Laparoscopic retrieval of a sewing needle from the liver: A case report

David Carver 1, Vanessa Bruckschwaiger 1, Guillaume Martel 1, Kimberly A Bertens 1, Jad Abou-Khalil 1, Fady Balaa 1,
PMCID: PMC6170216  PMID: 30268064

Highlights

  • Ingested foreign bodies are a common presentation.

  • Ingested foreign bodies can migrate/penetrate to the liver.

  • Patients can present with symptoms including epigastric abdominal pain.

  • In some cases hepatic foreign bodies can be extracted through a laparoscopic approach.

Keywords: Foreign bodies, Foreign body migration, Liver abscess, Laparoscopy, Case report

Abstract

Introduction

Less than 1% of ingested foreign bodies will require surgical management. An uncommon complication of ingested foreign body is migration to the liver. We present a case of laparoscopic removal of an intrahepatic foreign body.

Presentation of case

32-year-old female presented with a four month history of epigastric abdominal pain following suspected foreign body ingestion. CT scan demonstrated a metallic object lying in the left lateral segment of the liver. The patient was brought to the operating room where the object was removed laparoscopically and was found to be a sewing needle.

Discussion

Hepatic foreign bodies are an uncommon entity and typically result from a transcutaneous or ingested (e.g., gastrointestinal) source. Symptoms are often vague and can develop remote from the time of ingestion. Surgical management is warranted for symptomatic intrahepatic foreign bodies.

Conclusion

Laparoscopy is an effective surgical method for removal of intrahepatic foreign bodies in some cases.

1. Introduction

Ingested foreign bodies are a common presentation for emergency medicine specialists, gastroenterologists, and surgeons alike. Although ingested foreign bodies are more common in children, they can also present management challenges in adults. Most ingested foreign bodies are managed expectantly, however, 10–20% can be removed endoscopically and less than 1% will require surgery [1].

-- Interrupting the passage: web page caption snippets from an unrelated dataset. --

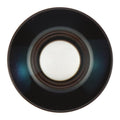 For Insta360 X5 OEM Camera Lens, For Insta360 X5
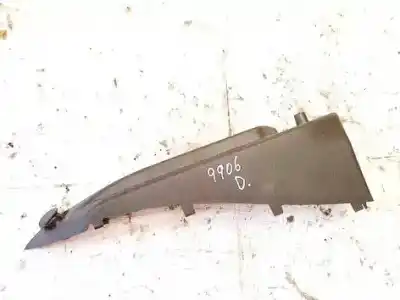 Piesă de schimb auto la mâna a doua plastice pentru kia ceed sportswagon (ed) 1.6 active referințe oem iam 85920a2100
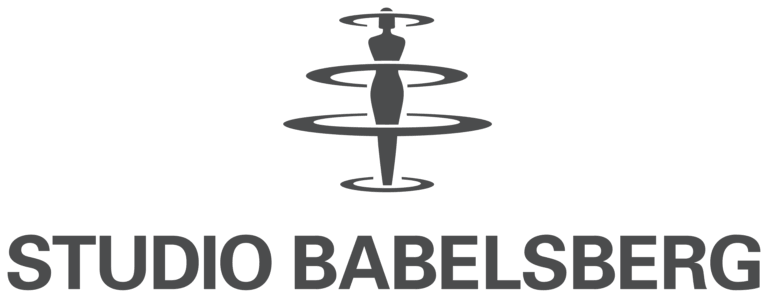 Studio Babelsberg Logo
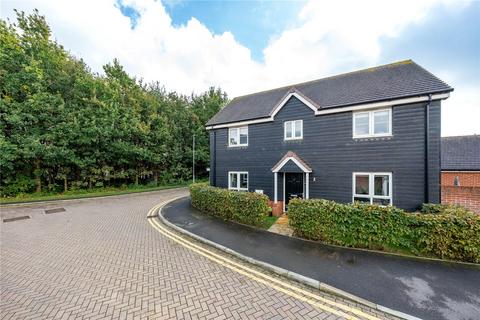 4 bedroom detached house for sale, Hadaway Road, Maidstone, ME17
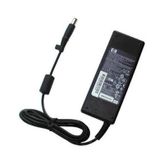 HP Elitebook C5A83EA 8470P Notebook Adaptör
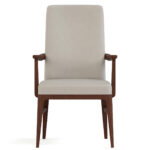 Arm Chair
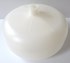 Foderballong rymd 4 kg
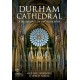 Durham Cathedral: A Pilgrimage in Photographs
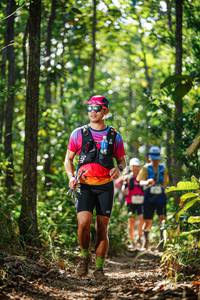 BIB: 
                            <button type="button" onclick="openModal(22424971)" class="btn btn-primary btn-sm float-right btn-popup" data-toggle="modal" data-target=".modal-high-quality">
                        <i class="fas fa-shopping-cart"></i> Add to Cart
                    </button>
                                            <button type="button" onclick="isThisMe(22424971, true)" class="btn btn-success btn-sm float-right btn-popup btn-isme hidden" data-toggle="tooltip" data-placement="bottom" title="นี่คือรูปของคุณใช่ไหม คลิกที่นี่เพื่อเอาเข้าอัลบั้ม">
                        <i class="fas fa-plus"></i> Add to album
                    </button>
                    <button type="button" onclick="isThisMe(22424971, false)" class="btn btn-warning btn-sm float-right btn-popup btn-isnotme hidden">
                        <i class="fas fa-ban"></i> Remove from album
                    </button>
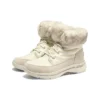 Go Walk Arch Fit «Blanco»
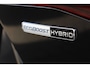 Ford Focus Wagon 1.0 EcoBoost Hybrid ST Line X | Winterpack | Adaptive cruise | Trekhaak | Camera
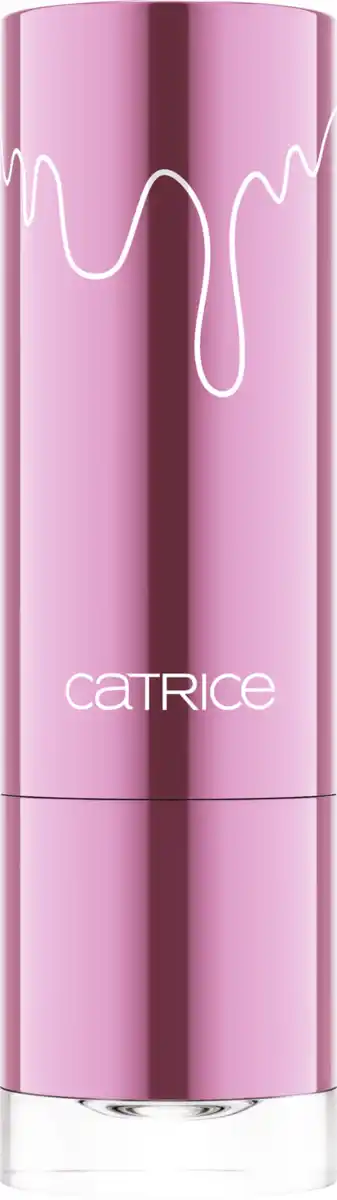 Bild 1 von Catrice Soft Glaze Glow Lip Balm 010 Jelly Drippin', 3,5 g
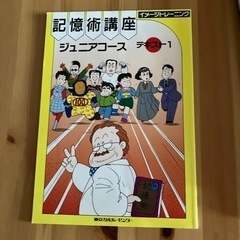 本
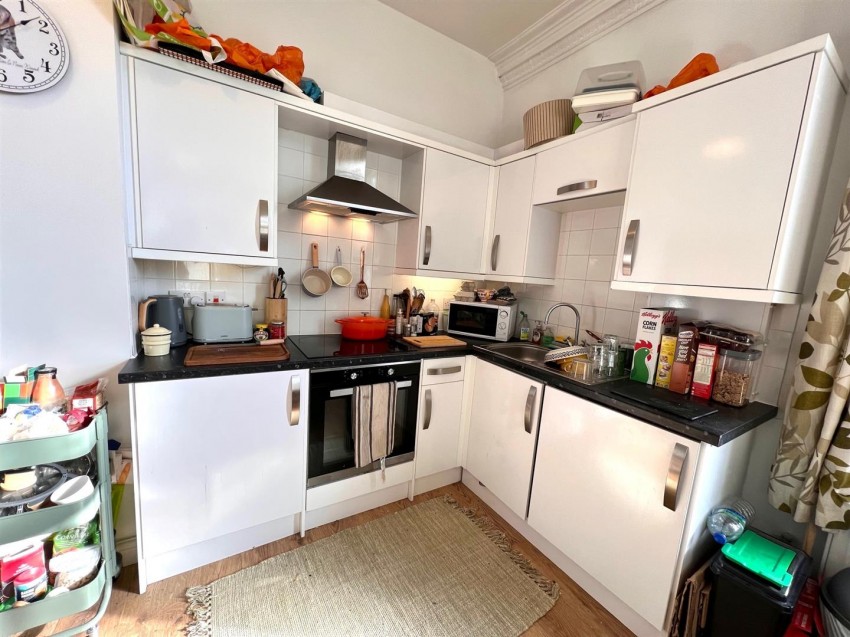 Images for Fulford Road, Fulford Road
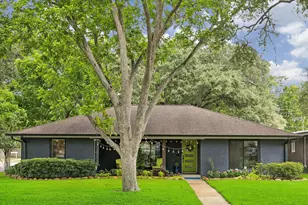9103 Timberside Dr, Houston, TX 77025 - Photo 1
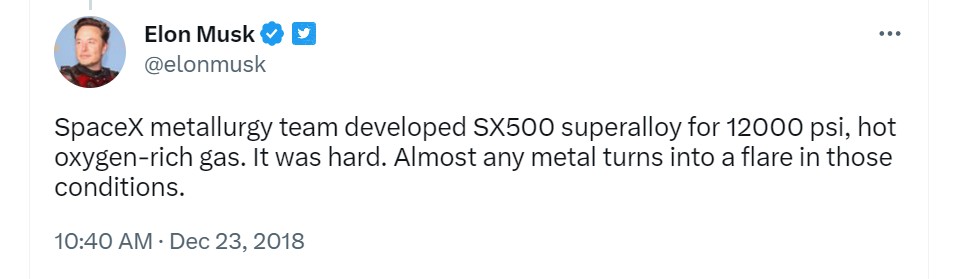 sx500.png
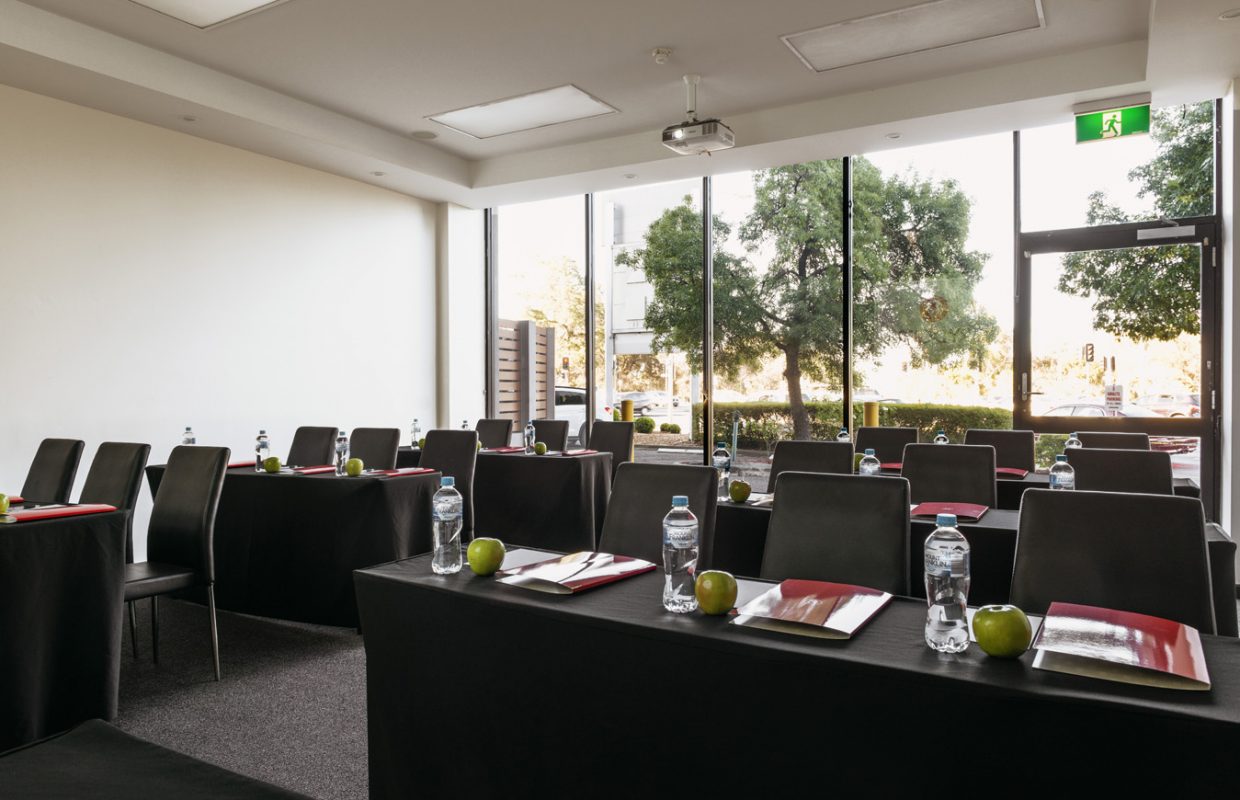 Adelaide Meeting Room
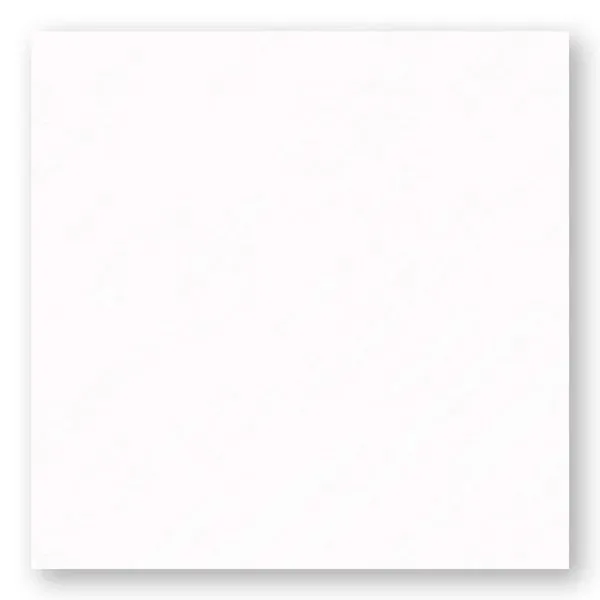 Piso Cerâmico Bold Brilhante Arielle 54x54cm Campina Caixa 2,62m² (MP)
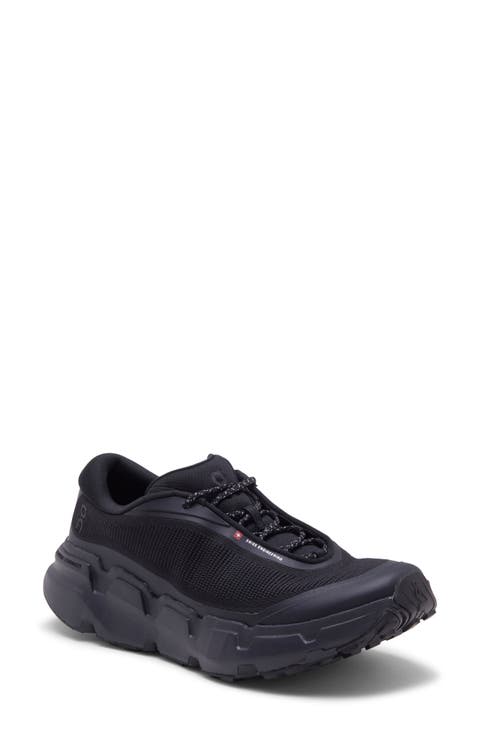 Cloudsurfer Hike Hiking Shoe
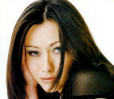 Shannen Doherty - Photo
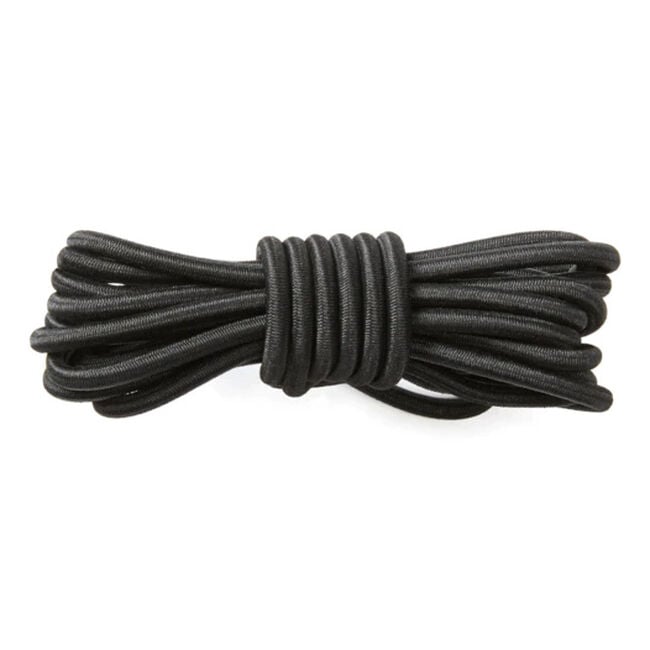 Ariat Elastic Field Boot Laces image number null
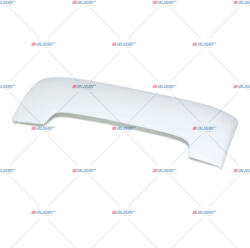 AUGER GERMANY Paravant Coltar Cabina Man Tga Tgl I Tgm I. . . 2000-2026 (AUG-66738)
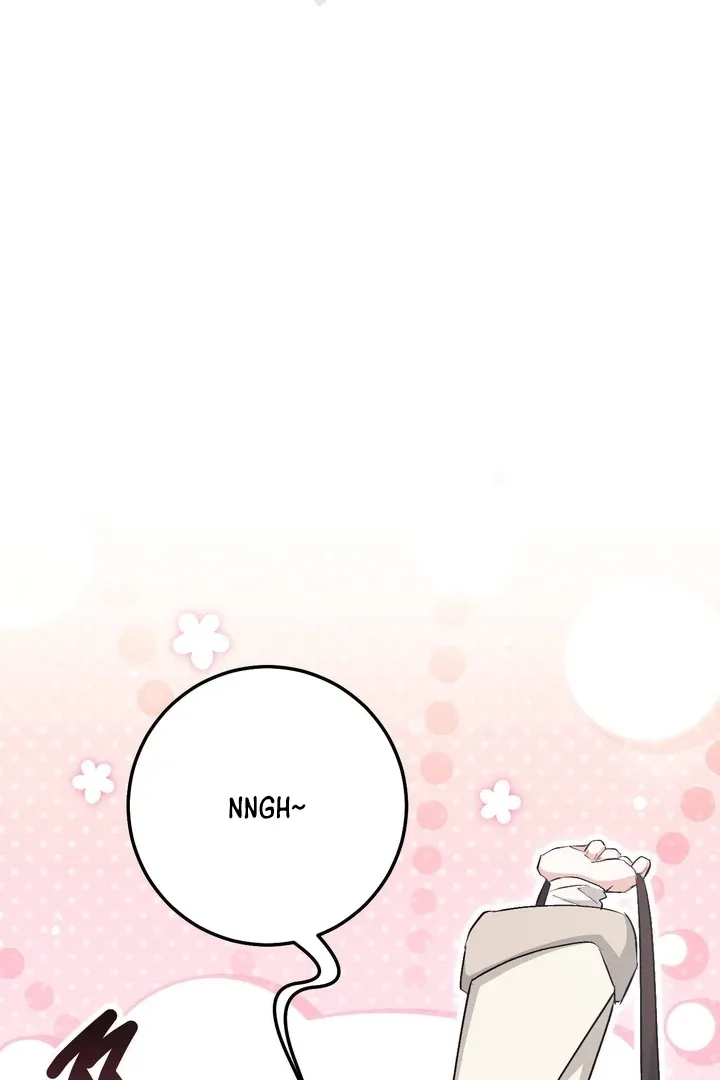 Milk My Strawberries Chapter 34 page 21 - 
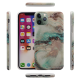 Maska za Samsung S20 Ultra/ G988F Marble bela - 048088-1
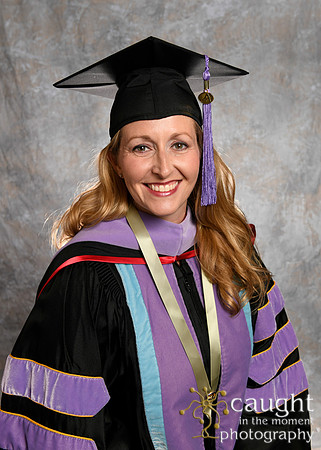 557 AGD2019 Portrait Studio-7193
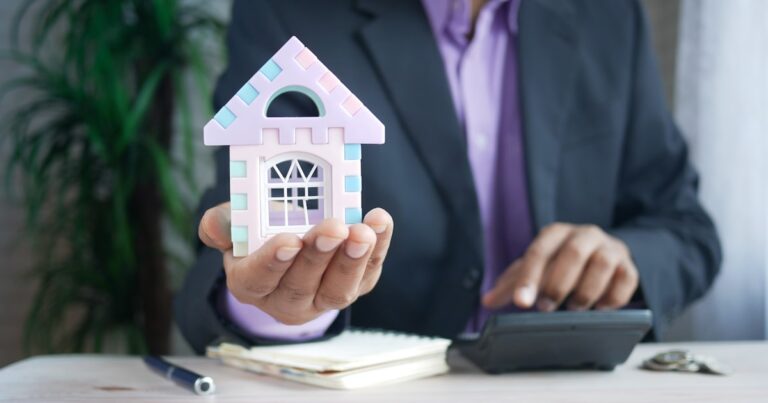 Maximize Your Home Equity in Denver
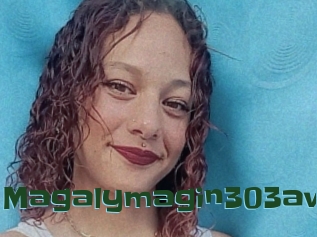 Magalymagin303av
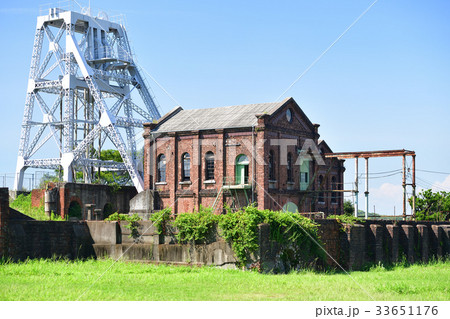 世界遺産 33651176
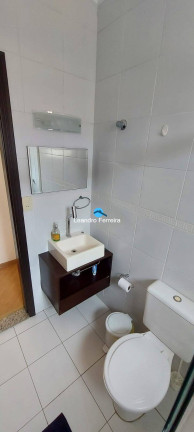 Imagem Sobrado com 3 Quartos à Venda, 178 m² em Centro - São Bernardo Do Campo Imagem Sobrado com 3 Quartos à Venda, 178 m² em Centro - São Bernardo Do Campo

For those that require operative management, the approach depends on the location of the foreign body and any associated complications such as obstruction and perforation. An uncommon complication of an ingested foreign body is migration to the liver. To date, twenty-four cases have been reported in the literature [2]. Six of these twenty-four have been removed laparoscopically. We present an additional case of laparoscopic retrieval of a symptomatic intrahepatic ingested foreign body including an intraoperative video demonstration of the technique used. This case report was written in line with SCARE criteria for surgical case reports [8].

2. Case report

A 32 year-old female presented from a remote community in northern Canada for evaluation of an intrahepatic foreign body. Four months earlier, the patient reported the sensation of swallowing a sharp foreign object while drinking a can of soda. This resulted in dysphagia and a sensation of a sharp object “stuck in the throat”. This was followed by persistent epigastric abdominal pain. The patient was adamant that there were no other episodes where she could have swallowed a foreign body. She was investigated in a community hospital and underwent a CT scan of the abdomen that reported a foreign body in the liver. Upper endoscopy was performed and was unremarkable. At the time of evaluation in the tertiary care center, she was found to be in no acute distress. She complained of constant epigastric and right upper quadrant abdominal pain. She denied any history of fevers or chills. Past medical and surgical history was significant only for remote laparoscopic cholecystectomy for biliary colic. On examination there were no signs of peritonitis. There were no abdominal scars to suggest possible transcutaneous entry of a foreign body, nor did the patient describe a history of this. Blood work investigations demonstrated normal complete blood count, normal electrolytes, and normal liver function tests. A repeat CT scan of the abdomen re-demonstrated a longitudinal metallic foreign object (3.5 cm) lying vertically in the left lateral segment of the liver (Fig. 1).

Fig. 1.

Fig. 1

CT scan demonstrating a longitudinal metallic foreign object lying vertically in the left lateral segment of the liver.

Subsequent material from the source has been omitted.